Спи, Костя. Мне видится маленький поселочек Арги-Паги, куда в конце концов может занести тебя (и меня?) судьба-лиходейка. Я вижу также большие города с огнями, там живут мои дочери. У них я прошу приюта, они говорят: мы не знаем тебя, старик. Кто ты? Или другое: наконец-то ты приехал, папа, входи. Вижу я очень ясно тебя, Костя, и себя, умирающих от белой горячки в каком-то логове… Думаю я о вечной жизни, она представляется мне бессрочным тюремным заточением. Не избегаю прошлого — дальнего и близкого: столько в нем намешано всего, какое неосмысленное варево! Счастливых событий мало, бедственных не счесть, но те и другие лишь острая, пряная приправа к массе пустопорожних дней и лет. Я, может быть, плачу, Костя. А возможно, смеюсь. Я думаю о количестве добра и зла, мной сотворенного; я не могу сказать, что перевешивает, ибо одно переходит в другое, ибо это двуединые понятия. Нашу жизнь, Костя, думаю я, определяет бессмыслица. Надо ли ценить нашу жизнь? Стоит ли жалеть об упущенных возможностях? Эх, дружище, как покойно и мирно ты спишь — ну как дите малое! Сейчас и я, наверно, усну. А завтра утром пробудимся, чтобы продолжать — на новый лад, но с прежней безнадежностью. БАЮ-БАЮШКИ-БАЮ, улыбаюсь я.
И кто-то сильно трясет за плечо. Я испуганно просыпаюсь. В комнате светлым-светло. Надо мной стоит Автономов. Его глаза поражают меня утренней голубизной.
— Писателишка! — кричит он. — Хочешь посмотреть на живого ведьмедя?
— Что? Где? — не понимаю я.
— Живой, говорю, ведьмедь на помойке! Вставай! Уйдет!
За окном заливаются на разные голоса собачонки. Я вскакиваю с кровати. Спешу в трусах за Автономовым. Замечаю, что печка уже растоплена. Вкусно пахнет мясным супом. Мы выбегаем из дома.

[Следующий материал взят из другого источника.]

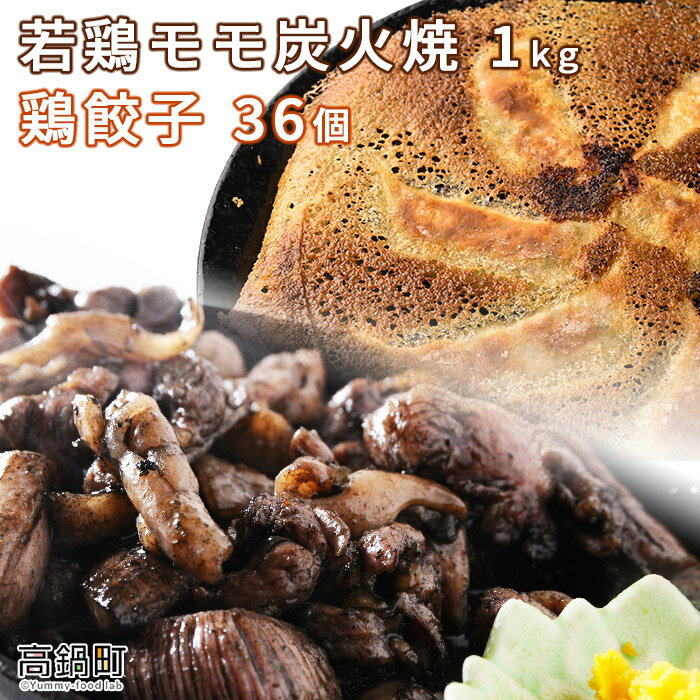 鶏専家一本気＜若鶏モモ 炭火焼き 1kg+鶏餃子 36個＞ ※入金確認後、翌月末迄に順次出荷します。 つまみ おかず とり 鶏肉 餃子 特産品 宮崎県 高鍋町【冷凍】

— Вон он! — кричит Автономов, указуя рукой в сторону дизельной.
Я нацепляю очки, которые прихватил с собой. В самом деле — медведь. Перевернув железный мусорный контейнер, он роется в отбросах. Я потрясенно шепчу: — ГОСПОДИ СПАСИ И ПОМИЛУЙ! КАКОЙ ОГРОМНЫЙ ХИЩНИК!
— Я же тебе говорил, что их здесь много, — гордится Автономов, словно делом рук своих.
— Пригласи его на чай, Костя.
— Или на пиво, да? Взять его! Фас! Фас! — ярит Автономов своих собачек, но они жмутся к нашим ногам, лая и повизгивая. Медведь же огромный шумно вздыхает: «ЭХ, РЕБЯТА, ЗРЯ Я К ВАМ ПРИШЕЛ. НИЧЕГО У ВАС НЕТ СКУСНОГО». — И не спеша, вперевалку удаляется в тайгу.
— Каково, Анатоль? — ликует Автономов. — Вот как я живу! Бок о бок с природой! Скажи спасибо, что он сейчас сытый, неагрессивный. А зимой, если шатун, у-у! Сильно напугался, честно говори?
— Сильно! — отвечаю я.
— Ха-ха-ха! Не надумаешь после такой встречи удрать в город?
— Нет, не мечтай, Костя. С тобой страшней, чем с ним, но я все равно останусь.
Так начался первый день нашей новой жизни.